TASK STATEMENT: Your answer must be exactly the lines from the one containing "Used 2024 Santorini" through the end of the material, both ends included, without pictures.

SOURCE DATA:
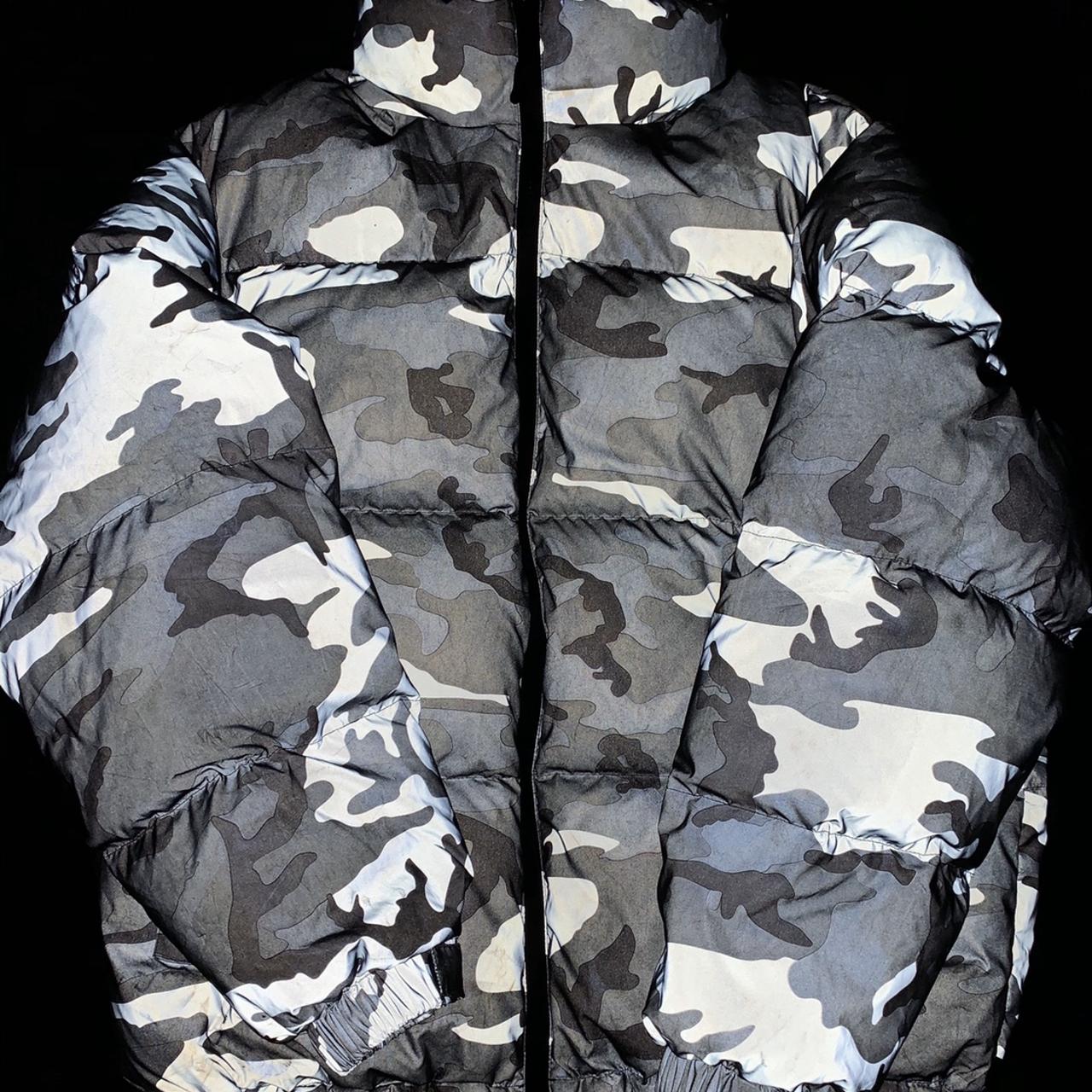 FW/18 SUPREME Reflective Camo Down Puffa Jacket/... - Depop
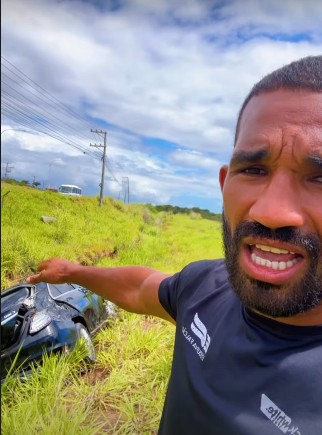 Esquiva Falcão sai ileso após capotar carro em rodovia no ES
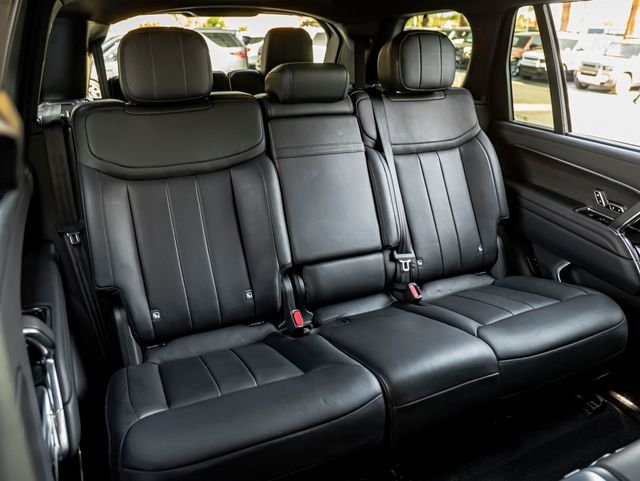 Used 2024 Santorini Black Metallic Land Rover SE image 25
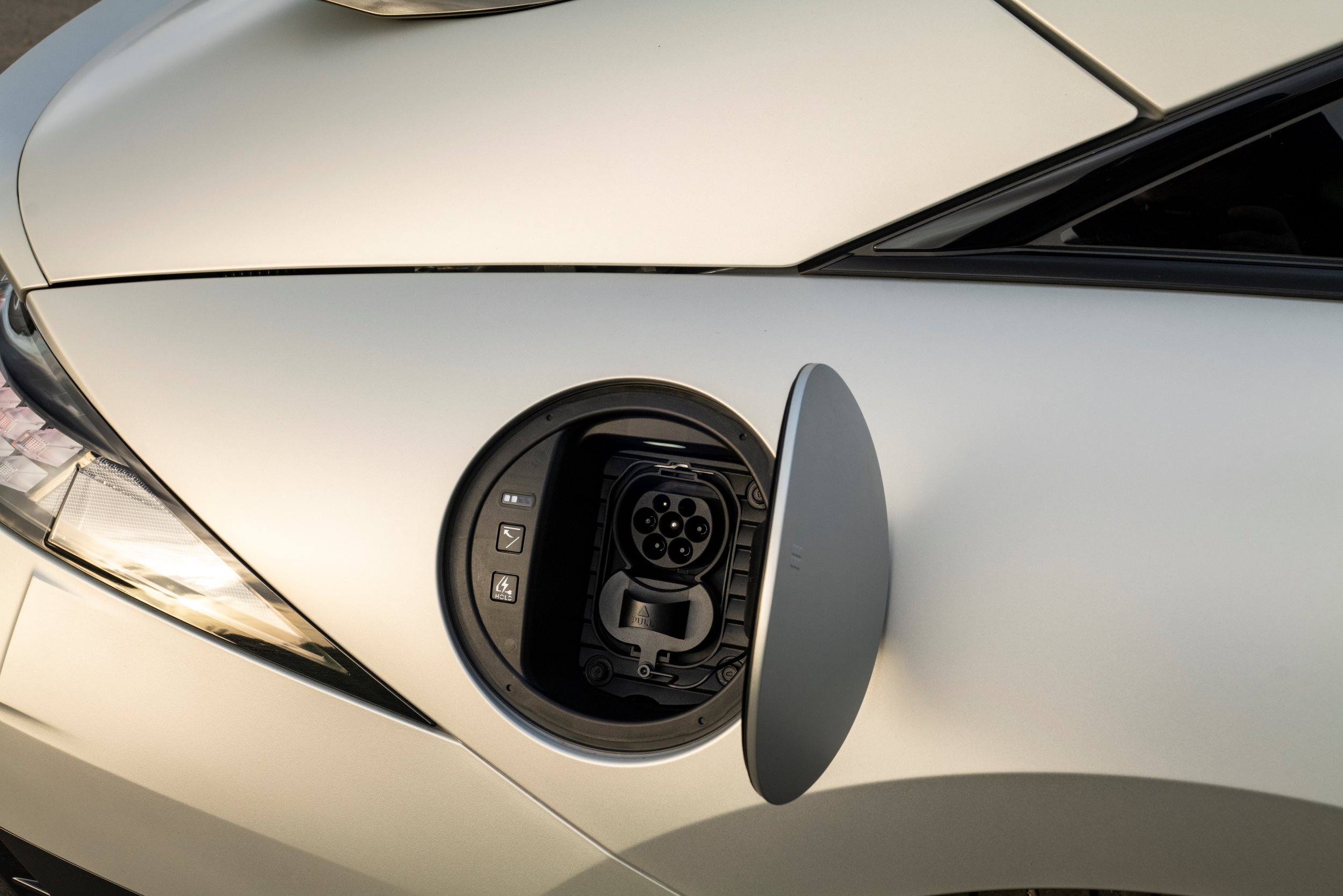 Hyundai IONIQ 6 Review 2024 | CARWOW LEASEY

TASK RESPONSE:
 Used 2024 Santorini Black Metallic Land Rover SE image 25
 Hyundai IONIQ 6 Review 2024 | CARWOW LEASEY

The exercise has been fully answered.